[Spread-users] Optimizing inter-segment communication to reduce packets

Sat Feb 9 17:01:14 EST 2008

Jonathan Stanton wrote:
> I'm hope to have a more detailed discussion on friday as this 
> gets compilcated, but John definitely covered some of the basics.
>
> It is possible to do some optimizations on the message dissmemination
> and we have tried out some ideas before, but it's hard to keep the 
> guaranteed services and performance while not sending some of the messages to
> everyone.
>
> A few comments below:
>
> On Sun, Feb 03, 2008 at 10:44:32AM -0800, Jim Kleckner wrote:
>   
>> I'm creating a new thread to hold discussion about the
>> optimization discussed in two other threads.  I would like to
>> explore how to make the smallest change that gets the most "bang
>> for the buck" and doesn't violate messaging guarantees.
>>
>> Here are some questions/ideas on the topic:
>>
>> - Would it simplify the problem if we limit the optimization to
>> omit messages only if they are "payload" messages and require
>> all membership messages to be transmitted globally?
>> In mainstream use, the payload messages ought be significantly
>> more numerous than membership messages.
>>     
>
> Membership messages are generally small (and less frequent), but currently they use the
> same ordering service as other AGREED data messages so they appear
> like normal 'data' messages to the lower level send/routeing code. This could be changed.
>
> The tricky bits aren't really knowing when we can try to optimize the content removal, but
> in making sure in failure cases we can get the message bodies when we need them to correctly
> deliver the messages with the appropriate guarantees.
>
>   
>> - Having a reliable and complete view of all memberships might
>> permit you to know definitively whether there are no members
>> of a particular group in a given segment and allow you to
>> elide sending non-membership messages to that segment.
>>     
>
> Spread currently has a 2-level model internally -- groups are implemented at the
> top level and the lower level message-sending and routing code doesn't know anything about them. To it 
> there is only one group -- that of currently connected daemons. 
>   

This seems to be the crux of the issue.
The upper level might be able to compute a "list of segments" that have 
members for groups.
The lower level might ignore this based on the selected guarantee?

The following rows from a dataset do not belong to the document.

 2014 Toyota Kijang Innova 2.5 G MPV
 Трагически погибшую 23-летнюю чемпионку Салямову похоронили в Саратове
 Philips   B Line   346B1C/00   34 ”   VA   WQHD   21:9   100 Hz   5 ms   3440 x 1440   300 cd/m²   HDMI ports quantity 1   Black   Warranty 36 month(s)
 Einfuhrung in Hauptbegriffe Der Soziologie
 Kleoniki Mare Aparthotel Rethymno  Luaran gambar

>> - Would it simplify the optimization if we limited it to classes
>> of message with lesser guarantees?  What level of guarantee
>> causes the optimization to get very difficult?
>>     
>
> Good question. This is possible. 
>   

Is the UNRELIABLE_MESS case simple enough to implement?
UNRELIABLE_MESS could handle some useful applications.

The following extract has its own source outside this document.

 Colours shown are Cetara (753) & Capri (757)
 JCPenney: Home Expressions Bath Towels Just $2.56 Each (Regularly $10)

One could structure an application manually to organize groups with 
different levels
of guarantee and even send the same message twice, one unreliable and 
the other reliable.

>> - Is there some strategic "weakening" of some type of guarantee
>> that would greatly simplify implementing the optimization?
>>     
>
> Good topic for a reserach paper or thesis :-)
>   

;-)

Another question is whether one could compose this at a higher 
application level.
What barriers exist to a single program connecting to two spread networks?

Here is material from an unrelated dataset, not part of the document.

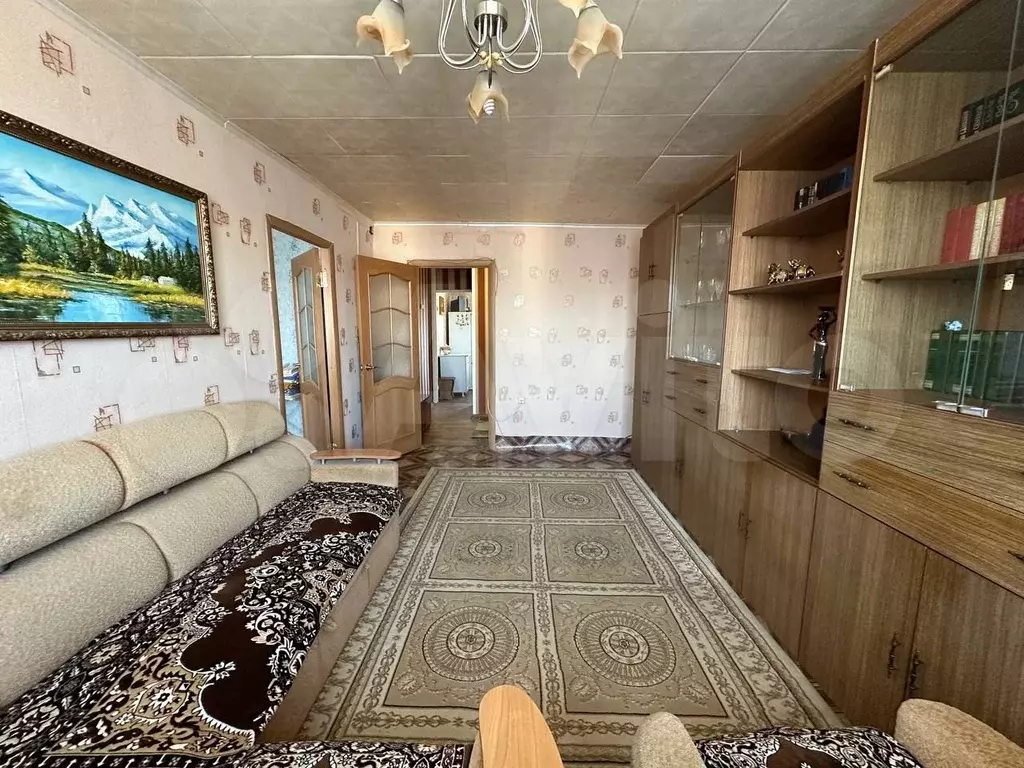 3-к. квартира, 57,7 м, 5/5 эт. - Фото 1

One could build an "active bridge" program that notices the memberships of
groups on both sides, computes the group-to-network/segment mapping,
and copies messages from one side to the other.  Each side works as today.

It doesn't address issues of guarantees at all though perhaps some coupling
of the server logic for accepting the message as delivered could depend on
the remote side being accepted.  This would probably be inefficient at best
and get hairy for the more stringent guarantees.

Just some thoughts.

Jim